● **Data for processing**:
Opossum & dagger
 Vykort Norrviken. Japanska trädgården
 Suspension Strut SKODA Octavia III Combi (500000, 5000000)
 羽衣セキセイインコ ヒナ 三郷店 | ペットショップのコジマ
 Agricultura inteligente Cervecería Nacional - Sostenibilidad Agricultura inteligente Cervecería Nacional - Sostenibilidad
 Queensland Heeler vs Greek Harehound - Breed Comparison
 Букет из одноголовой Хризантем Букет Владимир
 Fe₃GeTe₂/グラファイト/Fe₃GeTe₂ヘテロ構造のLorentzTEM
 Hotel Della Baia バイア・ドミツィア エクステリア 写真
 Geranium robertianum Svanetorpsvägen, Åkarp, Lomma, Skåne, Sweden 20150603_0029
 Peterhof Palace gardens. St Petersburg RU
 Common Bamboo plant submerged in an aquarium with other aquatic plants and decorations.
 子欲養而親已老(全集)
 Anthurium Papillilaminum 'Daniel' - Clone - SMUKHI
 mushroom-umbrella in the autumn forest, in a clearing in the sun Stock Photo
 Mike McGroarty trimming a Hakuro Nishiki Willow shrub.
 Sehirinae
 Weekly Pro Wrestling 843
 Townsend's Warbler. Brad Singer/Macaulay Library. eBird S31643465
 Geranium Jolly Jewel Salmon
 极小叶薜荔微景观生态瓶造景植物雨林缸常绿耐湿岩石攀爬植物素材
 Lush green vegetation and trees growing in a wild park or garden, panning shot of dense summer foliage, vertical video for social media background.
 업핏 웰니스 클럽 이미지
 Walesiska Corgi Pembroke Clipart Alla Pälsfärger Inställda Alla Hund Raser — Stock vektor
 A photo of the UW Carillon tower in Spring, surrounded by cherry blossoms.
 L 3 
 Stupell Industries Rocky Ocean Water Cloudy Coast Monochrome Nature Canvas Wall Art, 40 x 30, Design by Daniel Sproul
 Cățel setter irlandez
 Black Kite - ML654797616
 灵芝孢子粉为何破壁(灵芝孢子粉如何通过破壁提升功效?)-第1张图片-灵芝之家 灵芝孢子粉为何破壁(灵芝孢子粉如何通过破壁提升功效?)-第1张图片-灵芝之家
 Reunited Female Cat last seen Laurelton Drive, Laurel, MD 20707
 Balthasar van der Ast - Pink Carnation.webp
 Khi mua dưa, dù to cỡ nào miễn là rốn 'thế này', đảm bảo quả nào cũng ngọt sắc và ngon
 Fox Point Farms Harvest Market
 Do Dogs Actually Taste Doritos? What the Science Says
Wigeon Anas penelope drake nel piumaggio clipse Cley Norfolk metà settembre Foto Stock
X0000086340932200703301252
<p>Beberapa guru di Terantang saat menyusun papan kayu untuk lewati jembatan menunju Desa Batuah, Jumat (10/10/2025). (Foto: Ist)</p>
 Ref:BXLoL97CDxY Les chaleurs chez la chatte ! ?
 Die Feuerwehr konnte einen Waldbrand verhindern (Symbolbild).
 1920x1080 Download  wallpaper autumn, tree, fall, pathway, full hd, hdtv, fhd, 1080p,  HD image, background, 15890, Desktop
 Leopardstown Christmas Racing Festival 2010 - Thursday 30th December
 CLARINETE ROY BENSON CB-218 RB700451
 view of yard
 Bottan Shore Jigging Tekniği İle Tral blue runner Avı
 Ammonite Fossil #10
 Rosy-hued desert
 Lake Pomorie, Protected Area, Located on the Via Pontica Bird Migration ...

● **Your instructions**: Look above for the line with "Peterhof Palace gardens. St Petersburg RU"; retype exactly that line, every line after it up to the line with "Khi mua dưa, dù", and that line too, nothing else.

● **Answer for the task**:
 Peterhof Palace gardens. St Petersburg RU
 Common Bamboo plant submerged in an aquarium with other aquatic plants and decorations.
 子欲養而親已老(全集)
 Anthurium Papillilaminum 'Daniel' - Clone - SMUKHI
 mushroom-umbrella in the autumn forest, in a clearing in the sun Stock Photo
 Mike McGroarty trimming a Hakuro Nishiki Willow shrub.
 Sehirinae
 Weekly Pro Wrestling 843
 Townsend's Warbler. Brad Singer/Macaulay Library. eBird S31643465
 Geranium Jolly Jewel Salmon
 极小叶薜荔微景观生态瓶造景植物雨林缸常绿耐湿岩石攀爬植物素材
 Lush green vegetation and trees growing in a wild park or garden, panning shot of dense summer foliage, vertical video for social media background.
 업핏 웰니스 클럽 이미지
 Walesiska Corgi Pembroke Clipart Alla Pälsfärger Inställda Alla Hund Raser — Stock vektor
 A photo of the UW Carillon tower in Spring, surrounded by cherry blossoms.
 L 3 
 Stupell Industries Rocky Ocean Water Cloudy Coast Monochrome Nature Canvas Wall Art, 40 x 30, Design by Daniel Sproul
 Cățel setter irlandez
 Black Kite - ML654797616
 灵芝孢子粉为何破壁(灵芝孢子粉如何通过破壁提升功效?)-第1张图片-灵芝之家 灵芝孢子粉为何破壁(灵芝孢子粉如何通过破壁提升功效?)-第1张图片-灵芝之家
 Reunited Female Cat last seen Laurelton Drive, Laurel, MD 20707
 Balthasar van der Ast - Pink Carnation.webp
 Khi mua dưa, dù to cỡ nào miễn là rốn 'thế này', đảm bảo quả nào cũng ngọt sắc và ngon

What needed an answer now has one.